[Instructions for the task]
Please restate each line of the material word for word and omit any pictures.

[Source material]
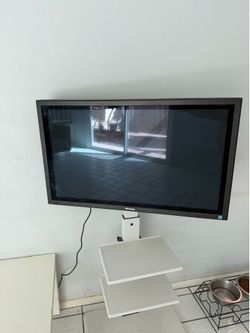32in Plasma TV w/ Stand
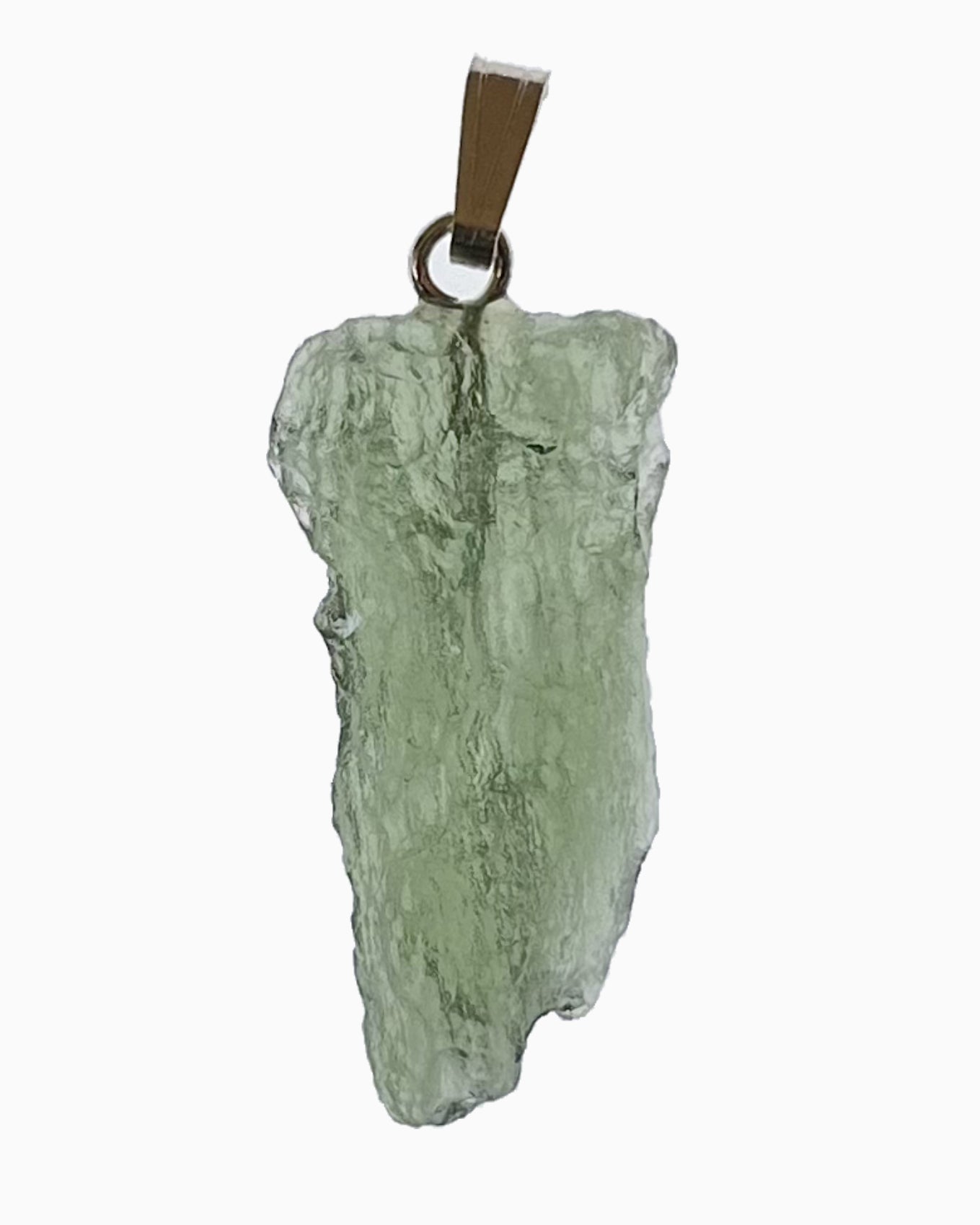 Colgante moldavita 2,62 g, vista frontal en macro, piedra natural engarzada, pieza única auténtica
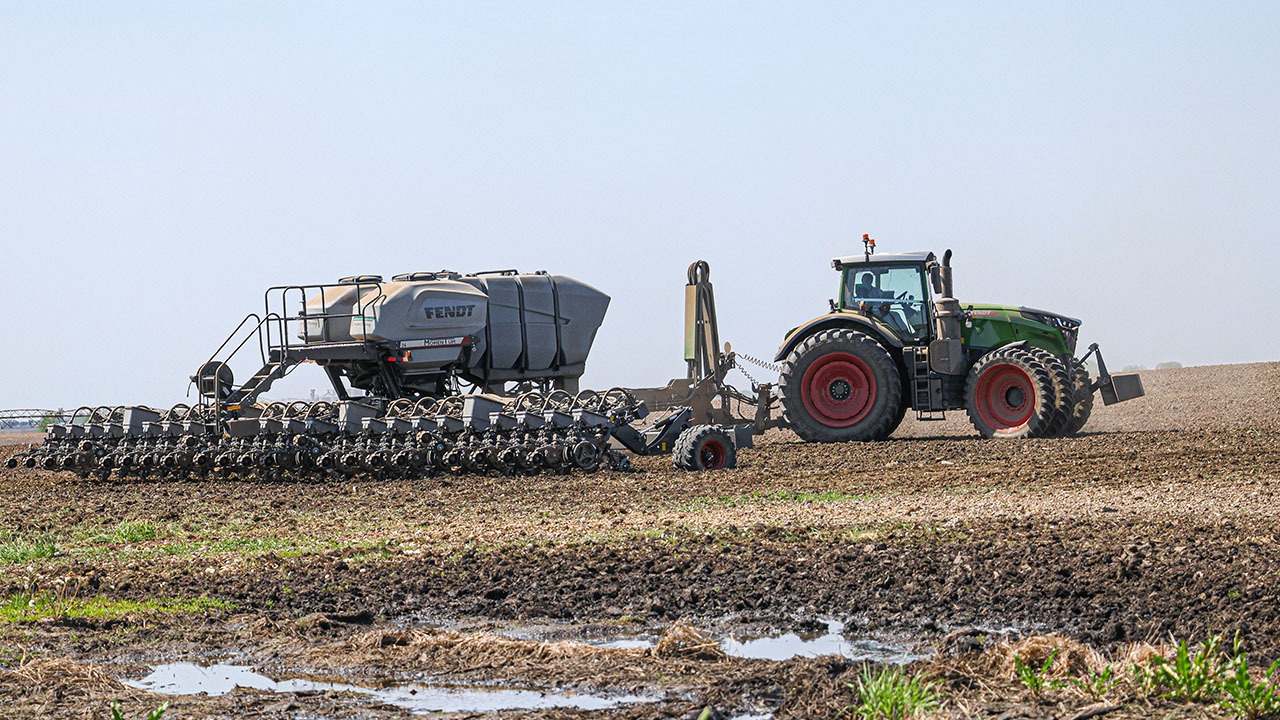 Fendt Momentum planter with Fendt tractor and seed tender operating in open field during spring planting season.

[Response to the task]
32in Plasma TV w/ Stand
 Colgante moldavita 2,62 g, vista frontal en macro, piedra natural engarzada, pieza única auténtica
 Fendt Momentum planter with Fendt tractor and seed tender operating in open field during spring planting season.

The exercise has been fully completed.